# What type of offspring can a lutino female and Whiteface grey male have?



## Winningsoul (Oct 27, 2020)




----------



## tielfan (Aug 31, 2008)

If the parents have no splits, all the babies will be normal grey split to whiteface, and the boys will also be split to lutino. But if the parents have splits then just about anything can happen. Most cockatiels are split to at least some of the common mutations, so you'll have to wait and see what you get in the nestbox.

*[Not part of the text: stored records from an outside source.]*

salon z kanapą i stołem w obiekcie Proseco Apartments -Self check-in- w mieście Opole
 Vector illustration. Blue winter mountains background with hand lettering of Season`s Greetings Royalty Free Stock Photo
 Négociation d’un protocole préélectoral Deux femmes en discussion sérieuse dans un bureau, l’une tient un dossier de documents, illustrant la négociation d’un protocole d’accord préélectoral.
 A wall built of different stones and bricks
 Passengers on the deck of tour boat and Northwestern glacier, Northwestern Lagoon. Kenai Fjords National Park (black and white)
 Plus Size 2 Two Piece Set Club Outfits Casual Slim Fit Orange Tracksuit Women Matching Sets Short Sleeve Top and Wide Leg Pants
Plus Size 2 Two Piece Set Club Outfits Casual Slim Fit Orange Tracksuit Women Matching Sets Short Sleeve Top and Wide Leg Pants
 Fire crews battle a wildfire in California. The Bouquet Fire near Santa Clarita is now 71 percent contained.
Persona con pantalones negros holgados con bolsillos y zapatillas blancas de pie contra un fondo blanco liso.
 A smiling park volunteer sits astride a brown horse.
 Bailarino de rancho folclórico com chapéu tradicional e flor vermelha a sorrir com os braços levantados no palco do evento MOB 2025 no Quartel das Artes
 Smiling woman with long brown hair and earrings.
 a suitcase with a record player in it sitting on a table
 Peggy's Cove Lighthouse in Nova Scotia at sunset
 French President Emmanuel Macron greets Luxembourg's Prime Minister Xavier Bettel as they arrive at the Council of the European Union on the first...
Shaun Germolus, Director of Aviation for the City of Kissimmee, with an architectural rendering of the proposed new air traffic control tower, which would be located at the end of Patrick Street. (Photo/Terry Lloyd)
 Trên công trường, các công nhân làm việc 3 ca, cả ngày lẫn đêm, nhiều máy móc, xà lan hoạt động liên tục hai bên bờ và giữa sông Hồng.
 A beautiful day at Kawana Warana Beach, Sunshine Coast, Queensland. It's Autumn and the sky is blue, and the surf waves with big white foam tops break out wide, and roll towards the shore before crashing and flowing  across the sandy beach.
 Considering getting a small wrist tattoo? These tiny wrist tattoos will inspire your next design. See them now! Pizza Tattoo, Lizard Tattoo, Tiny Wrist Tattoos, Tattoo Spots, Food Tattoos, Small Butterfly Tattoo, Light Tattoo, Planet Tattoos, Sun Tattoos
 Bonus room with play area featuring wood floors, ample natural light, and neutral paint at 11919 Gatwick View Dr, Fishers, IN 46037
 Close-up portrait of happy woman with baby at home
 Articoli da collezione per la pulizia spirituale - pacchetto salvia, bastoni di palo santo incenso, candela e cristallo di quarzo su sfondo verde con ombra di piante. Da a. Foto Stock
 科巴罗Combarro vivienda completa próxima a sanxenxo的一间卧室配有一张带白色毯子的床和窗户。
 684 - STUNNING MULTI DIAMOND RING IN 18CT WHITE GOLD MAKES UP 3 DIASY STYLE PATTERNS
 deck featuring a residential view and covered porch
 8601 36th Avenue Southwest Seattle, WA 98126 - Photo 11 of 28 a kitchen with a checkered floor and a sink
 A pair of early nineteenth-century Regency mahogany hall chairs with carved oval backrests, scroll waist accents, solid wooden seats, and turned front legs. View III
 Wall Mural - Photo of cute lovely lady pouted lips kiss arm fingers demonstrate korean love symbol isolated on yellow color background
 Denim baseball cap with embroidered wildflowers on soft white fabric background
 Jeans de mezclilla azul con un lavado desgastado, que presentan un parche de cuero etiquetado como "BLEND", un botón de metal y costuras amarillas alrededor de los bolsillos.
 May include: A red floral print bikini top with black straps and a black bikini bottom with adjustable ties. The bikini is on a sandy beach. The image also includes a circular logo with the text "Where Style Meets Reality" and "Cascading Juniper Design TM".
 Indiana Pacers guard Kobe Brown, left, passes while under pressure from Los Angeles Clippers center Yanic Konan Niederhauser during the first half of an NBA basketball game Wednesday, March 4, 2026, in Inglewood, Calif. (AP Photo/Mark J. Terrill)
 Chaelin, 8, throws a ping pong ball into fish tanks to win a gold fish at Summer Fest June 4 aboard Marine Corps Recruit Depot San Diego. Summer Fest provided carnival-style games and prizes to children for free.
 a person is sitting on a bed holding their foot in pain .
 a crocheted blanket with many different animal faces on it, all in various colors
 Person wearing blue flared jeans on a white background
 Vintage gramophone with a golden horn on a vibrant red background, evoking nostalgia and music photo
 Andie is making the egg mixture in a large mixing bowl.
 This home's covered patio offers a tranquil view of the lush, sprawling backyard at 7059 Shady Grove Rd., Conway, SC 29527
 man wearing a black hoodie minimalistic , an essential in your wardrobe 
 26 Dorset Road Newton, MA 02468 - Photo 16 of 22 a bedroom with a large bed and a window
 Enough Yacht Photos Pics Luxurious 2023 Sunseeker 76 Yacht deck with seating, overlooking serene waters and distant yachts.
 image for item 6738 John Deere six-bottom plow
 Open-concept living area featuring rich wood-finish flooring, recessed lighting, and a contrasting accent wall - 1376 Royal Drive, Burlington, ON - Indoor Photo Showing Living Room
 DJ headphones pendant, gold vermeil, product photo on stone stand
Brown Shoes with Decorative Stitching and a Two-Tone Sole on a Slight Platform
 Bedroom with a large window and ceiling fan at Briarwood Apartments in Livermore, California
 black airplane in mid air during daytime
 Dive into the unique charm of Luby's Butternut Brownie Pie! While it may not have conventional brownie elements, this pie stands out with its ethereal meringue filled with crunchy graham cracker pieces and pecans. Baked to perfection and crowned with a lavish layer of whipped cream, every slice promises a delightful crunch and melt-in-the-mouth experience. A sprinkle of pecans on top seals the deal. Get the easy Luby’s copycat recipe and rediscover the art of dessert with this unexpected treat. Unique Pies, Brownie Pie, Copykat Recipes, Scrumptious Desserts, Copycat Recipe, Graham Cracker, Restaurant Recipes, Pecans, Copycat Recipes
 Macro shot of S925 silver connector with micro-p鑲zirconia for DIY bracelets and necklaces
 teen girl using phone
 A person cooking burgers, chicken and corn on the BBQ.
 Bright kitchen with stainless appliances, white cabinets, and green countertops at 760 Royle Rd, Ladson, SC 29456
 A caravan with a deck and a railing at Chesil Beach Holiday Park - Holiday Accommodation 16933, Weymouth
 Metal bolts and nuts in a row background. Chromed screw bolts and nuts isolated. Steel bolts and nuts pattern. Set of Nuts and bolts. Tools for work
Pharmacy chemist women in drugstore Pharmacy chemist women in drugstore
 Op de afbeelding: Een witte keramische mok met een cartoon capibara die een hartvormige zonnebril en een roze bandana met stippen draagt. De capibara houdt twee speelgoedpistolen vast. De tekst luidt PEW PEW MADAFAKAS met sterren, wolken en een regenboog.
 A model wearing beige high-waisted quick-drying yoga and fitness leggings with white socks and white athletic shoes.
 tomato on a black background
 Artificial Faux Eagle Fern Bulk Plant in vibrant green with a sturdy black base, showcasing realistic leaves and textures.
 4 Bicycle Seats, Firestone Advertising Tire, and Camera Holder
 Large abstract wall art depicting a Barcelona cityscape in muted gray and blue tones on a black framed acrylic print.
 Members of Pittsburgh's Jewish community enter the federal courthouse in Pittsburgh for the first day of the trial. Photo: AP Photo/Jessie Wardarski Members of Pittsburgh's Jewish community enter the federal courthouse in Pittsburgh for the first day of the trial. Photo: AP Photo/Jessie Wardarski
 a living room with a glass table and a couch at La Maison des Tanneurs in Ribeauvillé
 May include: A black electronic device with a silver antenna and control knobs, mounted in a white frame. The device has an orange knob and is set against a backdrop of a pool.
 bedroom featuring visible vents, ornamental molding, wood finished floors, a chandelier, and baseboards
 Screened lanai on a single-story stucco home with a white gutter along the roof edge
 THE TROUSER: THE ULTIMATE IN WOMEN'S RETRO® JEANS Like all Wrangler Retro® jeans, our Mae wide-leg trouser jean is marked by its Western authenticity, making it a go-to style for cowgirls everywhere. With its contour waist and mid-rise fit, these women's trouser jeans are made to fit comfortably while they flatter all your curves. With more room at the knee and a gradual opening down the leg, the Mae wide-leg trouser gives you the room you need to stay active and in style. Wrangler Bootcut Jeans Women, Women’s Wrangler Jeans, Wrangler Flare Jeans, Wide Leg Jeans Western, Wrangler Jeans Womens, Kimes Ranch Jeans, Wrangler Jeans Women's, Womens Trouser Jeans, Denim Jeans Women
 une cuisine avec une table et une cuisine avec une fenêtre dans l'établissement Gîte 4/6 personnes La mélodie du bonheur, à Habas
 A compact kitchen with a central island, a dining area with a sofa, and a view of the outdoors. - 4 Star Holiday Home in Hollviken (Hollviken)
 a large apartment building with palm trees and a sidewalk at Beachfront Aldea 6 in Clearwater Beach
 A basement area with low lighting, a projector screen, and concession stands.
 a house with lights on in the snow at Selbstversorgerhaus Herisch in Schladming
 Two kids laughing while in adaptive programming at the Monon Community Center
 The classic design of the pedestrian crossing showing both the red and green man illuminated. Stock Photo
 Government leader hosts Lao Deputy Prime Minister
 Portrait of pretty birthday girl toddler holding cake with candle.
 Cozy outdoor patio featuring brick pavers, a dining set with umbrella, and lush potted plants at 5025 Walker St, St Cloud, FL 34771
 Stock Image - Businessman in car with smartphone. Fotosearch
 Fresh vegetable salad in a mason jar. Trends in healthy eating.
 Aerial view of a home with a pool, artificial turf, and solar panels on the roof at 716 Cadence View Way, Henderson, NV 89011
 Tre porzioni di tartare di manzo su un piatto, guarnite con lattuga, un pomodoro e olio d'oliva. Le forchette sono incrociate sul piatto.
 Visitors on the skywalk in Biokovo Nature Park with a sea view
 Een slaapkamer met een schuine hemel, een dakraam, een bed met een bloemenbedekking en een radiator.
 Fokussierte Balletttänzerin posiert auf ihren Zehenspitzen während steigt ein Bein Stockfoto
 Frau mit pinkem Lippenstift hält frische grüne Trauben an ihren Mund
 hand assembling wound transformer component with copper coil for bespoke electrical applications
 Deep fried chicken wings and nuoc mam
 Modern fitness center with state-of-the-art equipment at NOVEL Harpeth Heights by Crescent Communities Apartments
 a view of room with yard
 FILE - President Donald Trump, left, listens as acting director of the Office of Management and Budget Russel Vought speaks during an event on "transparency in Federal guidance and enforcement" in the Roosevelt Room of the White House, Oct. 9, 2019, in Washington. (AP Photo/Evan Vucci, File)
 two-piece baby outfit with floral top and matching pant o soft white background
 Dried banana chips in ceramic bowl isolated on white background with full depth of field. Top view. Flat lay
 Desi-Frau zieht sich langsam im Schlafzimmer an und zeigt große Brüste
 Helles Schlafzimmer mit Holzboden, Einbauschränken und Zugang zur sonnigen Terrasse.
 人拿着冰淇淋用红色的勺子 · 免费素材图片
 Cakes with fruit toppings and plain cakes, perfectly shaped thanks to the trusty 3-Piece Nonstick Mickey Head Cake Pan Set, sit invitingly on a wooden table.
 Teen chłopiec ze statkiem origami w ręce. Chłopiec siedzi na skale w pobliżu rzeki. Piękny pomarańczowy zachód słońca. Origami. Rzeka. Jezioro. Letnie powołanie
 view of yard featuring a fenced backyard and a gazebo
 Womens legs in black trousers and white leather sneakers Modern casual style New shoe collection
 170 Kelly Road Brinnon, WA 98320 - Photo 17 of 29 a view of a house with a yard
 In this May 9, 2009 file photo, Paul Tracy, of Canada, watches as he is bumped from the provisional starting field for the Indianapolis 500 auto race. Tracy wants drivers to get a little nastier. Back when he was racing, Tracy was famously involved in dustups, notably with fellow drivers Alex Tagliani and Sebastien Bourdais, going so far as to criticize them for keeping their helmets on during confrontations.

The picture shows a lot of brownish coloring on your lutino hen, which might be shadows or a camera artifact. But if she really does have some brownish color (especially on the flight feathers and tail), it's a sign that she is cinnamon lutino.


----------



## Winningsoul (Oct 27, 2020)

Oh, thank you. It's the bad lighting. Someone else told me that it's not a good idea to let them breed. I don't know if they're right. I remember that lutinos should not be bred with lutinos, split to lutino, or albino. I think this pairing is alright but try as I might I cannot find more information on a whiteface bred to a lutino.


----------



## Daytontiel (Feb 24, 2019)

Your lutino female has irregular cheek patch edge, a possible indicator of split to whiteface. I think you have chance to get some whiteface babies from this pair.


----------



## Winningsoul (Oct 27, 2020)

Thank you


----------